▽
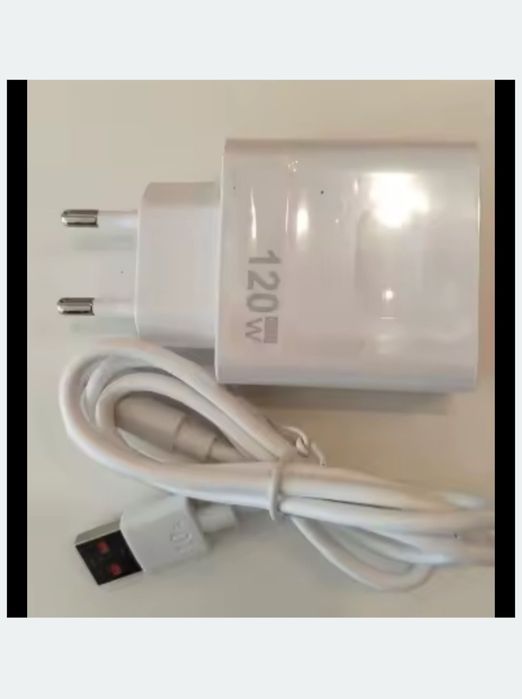 Szybka ładowarka 120W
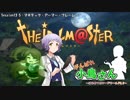 がんばれ小鳥さん～はじめてのS.W2.0～　Session13-5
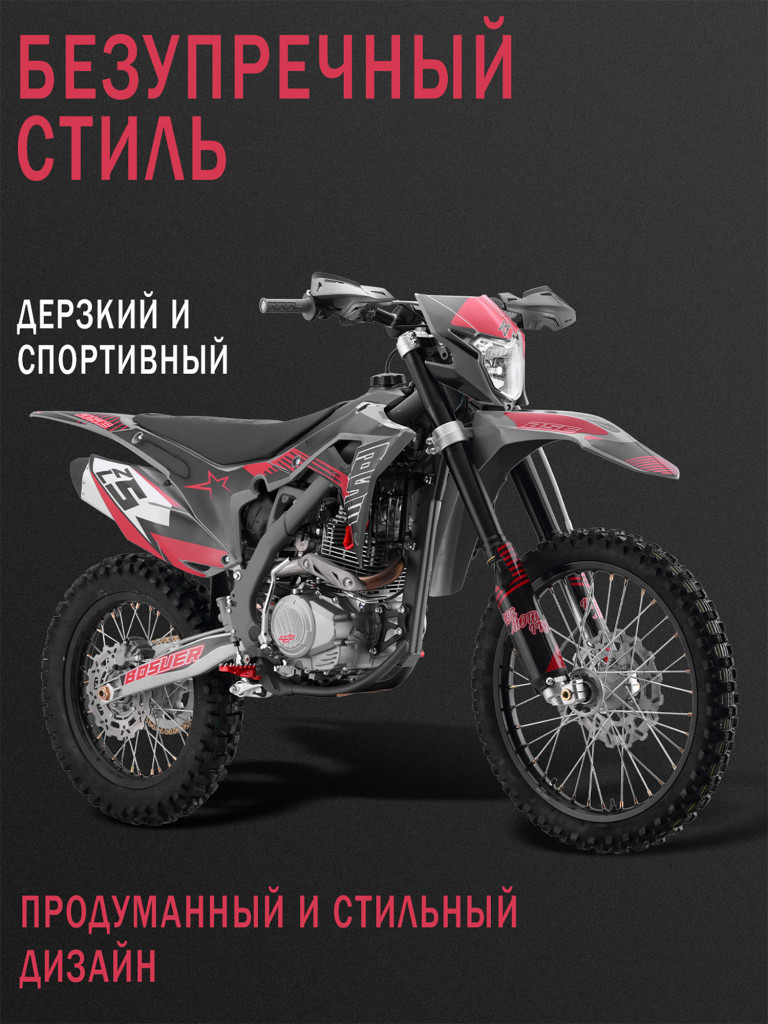 Эндуро / кроссовый мотоцикл BSE Z5 L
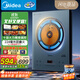 美的（Midea）家用電磁爐電陶爐2200W大功率新型電磁灶UH混合動力煮小米粥爆炒不挑鍋具政府補(bǔ)貼MC-DH2211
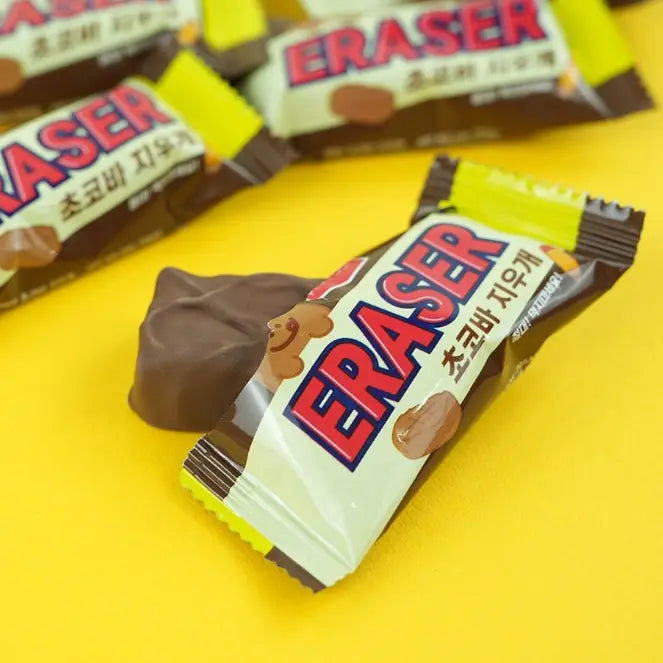 Chocolate Bar Eraser – Realistic and Fun!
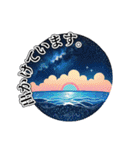 全ては丸の中.【修正版】（個別スタンプ：10）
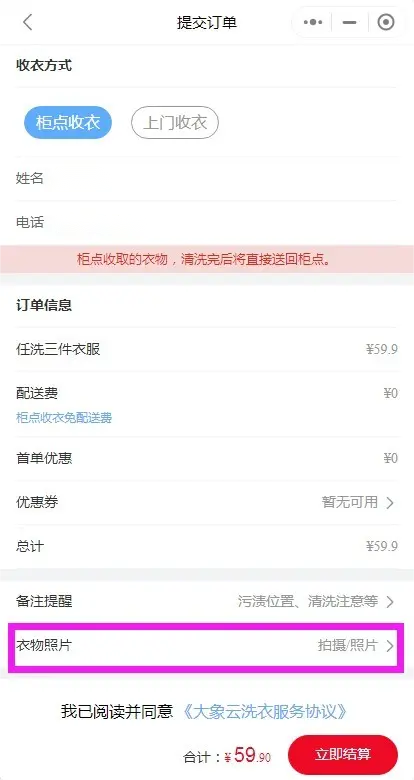 2026洗衣店洗鞋店自助存取柜扫码寄存洗衣柜洗鞋柜小程序APP源码开源可定制二开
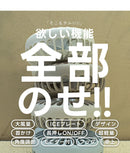 Chill fan 11-4301TPX ハンディファン 6カラー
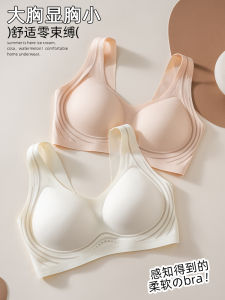 Wireless Seamless Sports Bra for Women Thin Breathable Comfortable Anti-Sagging Auxiliary Breast Collection Push up Underwear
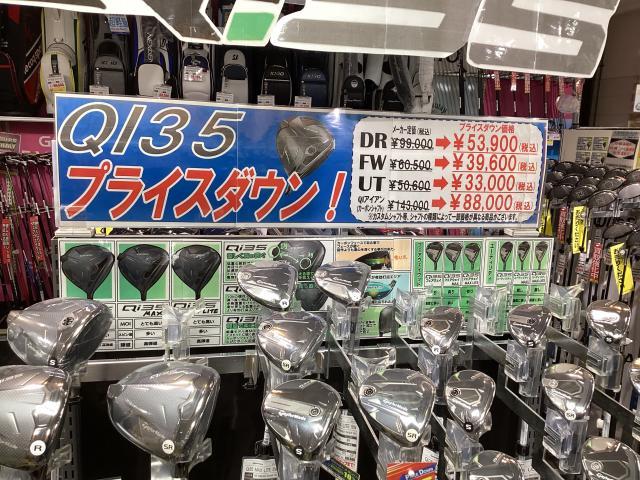 お安くなりましたーＰａｒｔ2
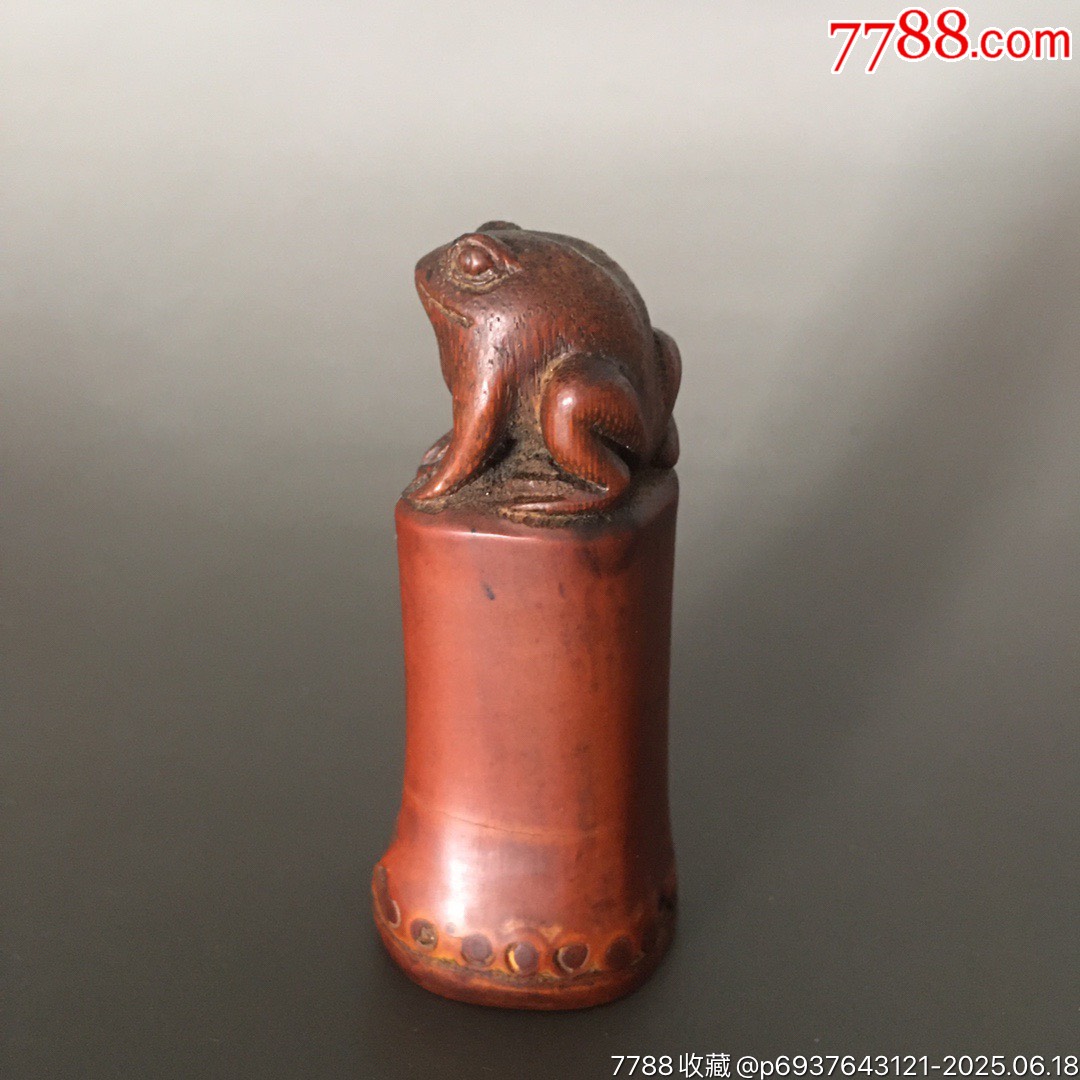 200512J002包漿老熟的老竹根雕擺件青蛙擺件_價格420元【遼南博雅齋】_第7張_7788收藏__收藏?zé)峋€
△
For this exercise, repeat word for word only the lines from the one containing "2026洗衣店洗鞋店自助存取" through the end of the data, including both. Pictures do not go in the copy.

 2026洗衣店洗鞋店自助存取柜扫码寄存洗衣柜洗鞋柜小程序APP源码开源可定制二开
 Chill fan 11-4301TPX ハンディファン 6カラー
 Wireless Seamless Sports Bra for Women Thin Breathable Comfortable Anti-Sagging Auxiliary Breast Collection Push up Underwear
 お安くなりましたーＰａｒｔ2
 200512J002包漿老熟的老竹根雕擺件青蛙擺件_價格420元【遼南博雅齋】_第7張_7788收藏__收藏?zé)峋€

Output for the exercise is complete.